# WHAT IS EXPECTED
In the entries below, find the line with "Lurchi Boots | Waterproof Dolto-Tex | Navy" and the line with "Hotel Maison D'hotes Les Petites Sources"; reproduce those two lines and all lines between them exactly, without pictures.

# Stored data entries
......

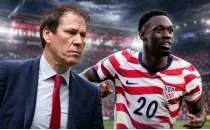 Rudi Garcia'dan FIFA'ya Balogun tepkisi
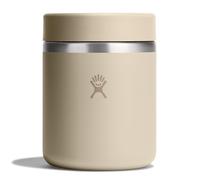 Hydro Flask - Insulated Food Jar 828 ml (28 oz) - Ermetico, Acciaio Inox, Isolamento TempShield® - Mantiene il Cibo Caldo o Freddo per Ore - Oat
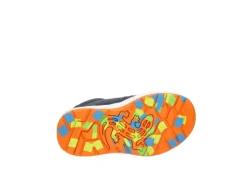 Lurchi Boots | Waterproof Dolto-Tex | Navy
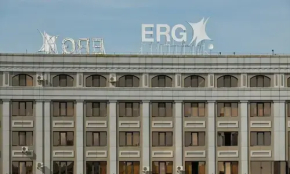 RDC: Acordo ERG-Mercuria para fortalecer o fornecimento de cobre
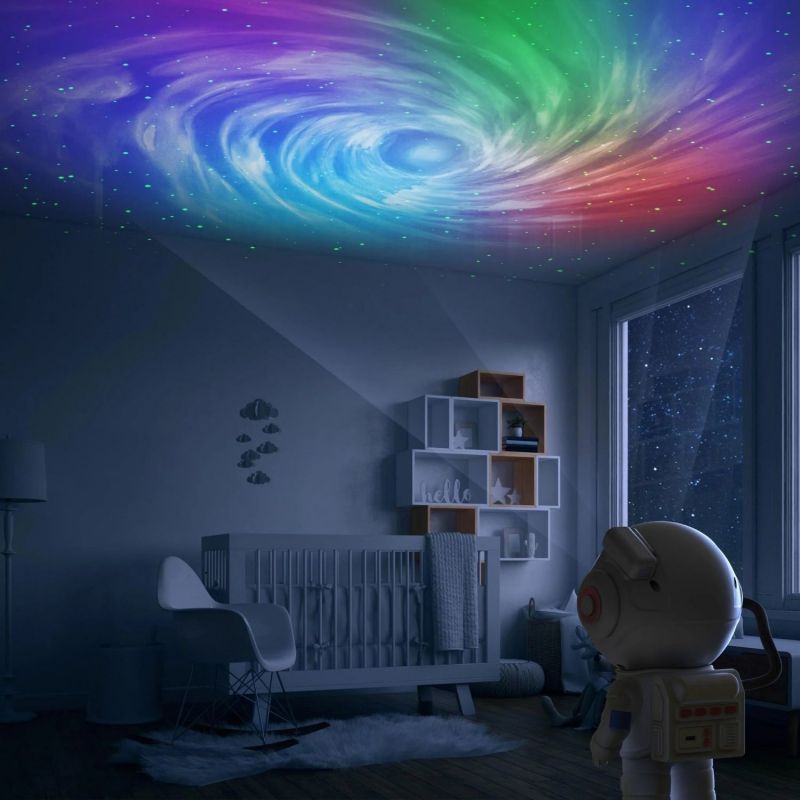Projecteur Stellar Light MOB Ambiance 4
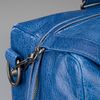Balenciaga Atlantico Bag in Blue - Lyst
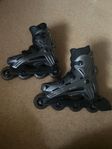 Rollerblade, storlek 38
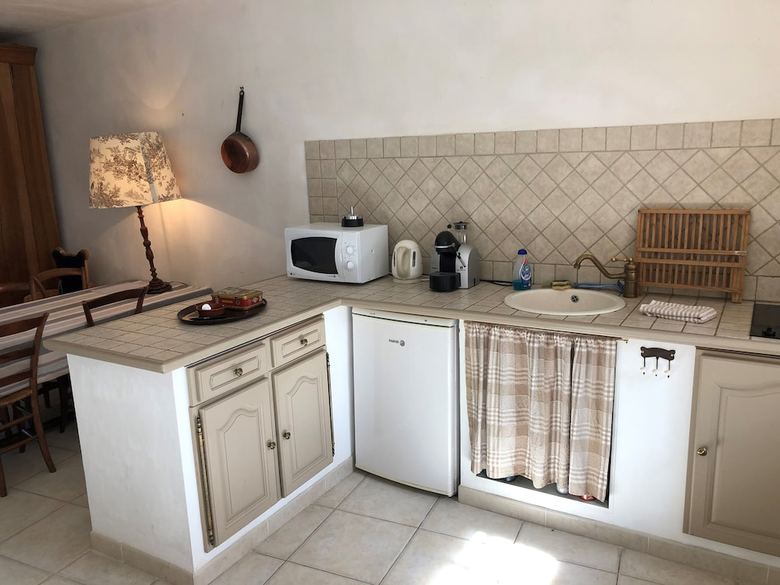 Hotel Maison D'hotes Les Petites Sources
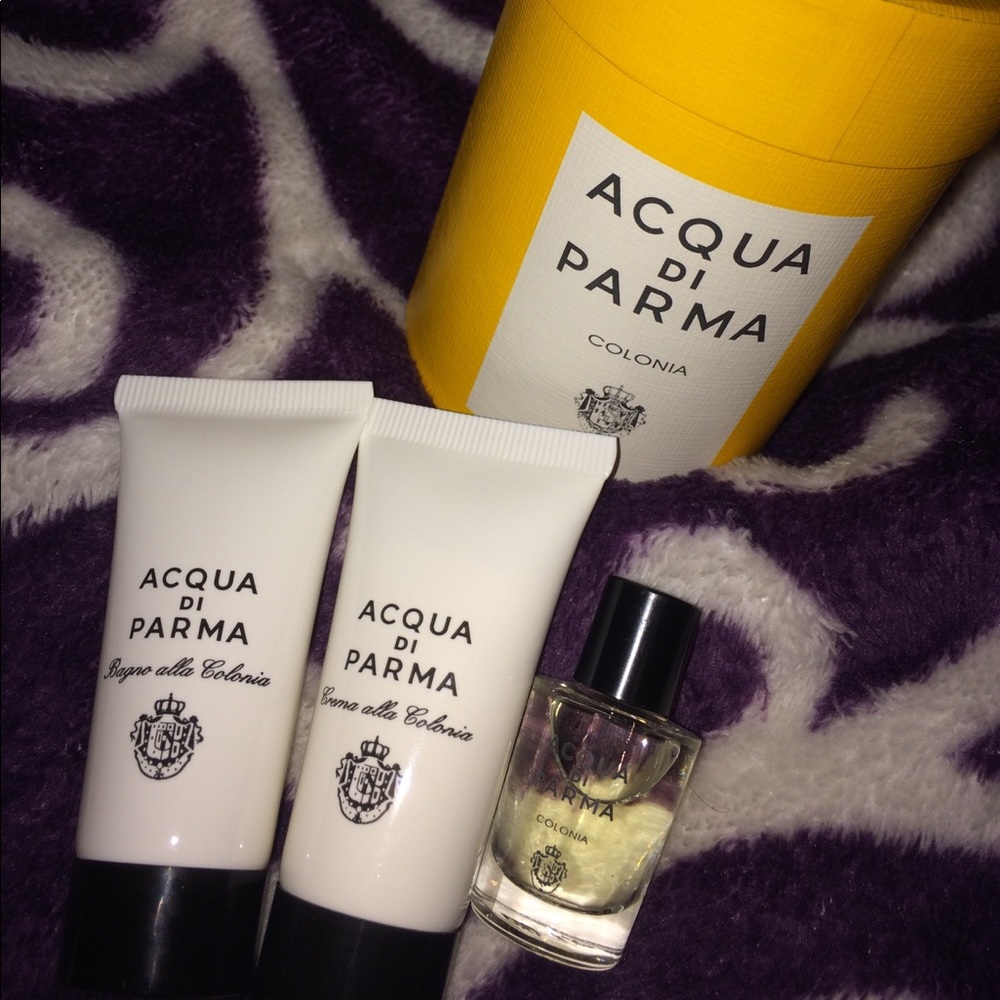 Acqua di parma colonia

......

# YOUR SOLUTION
 Lurchi Boots | Waterproof Dolto-Tex | Navy
 RDC: Acordo ERG-Mercuria para fortalecer o fornecimento de cobre
Projecteur Stellar Light MOB Ambiance 4
Balenciaga Atlantico Bag in Blue - Lyst
 Rollerblade, storlek 38
 Hotel Maison D'hotes Les Petites Sources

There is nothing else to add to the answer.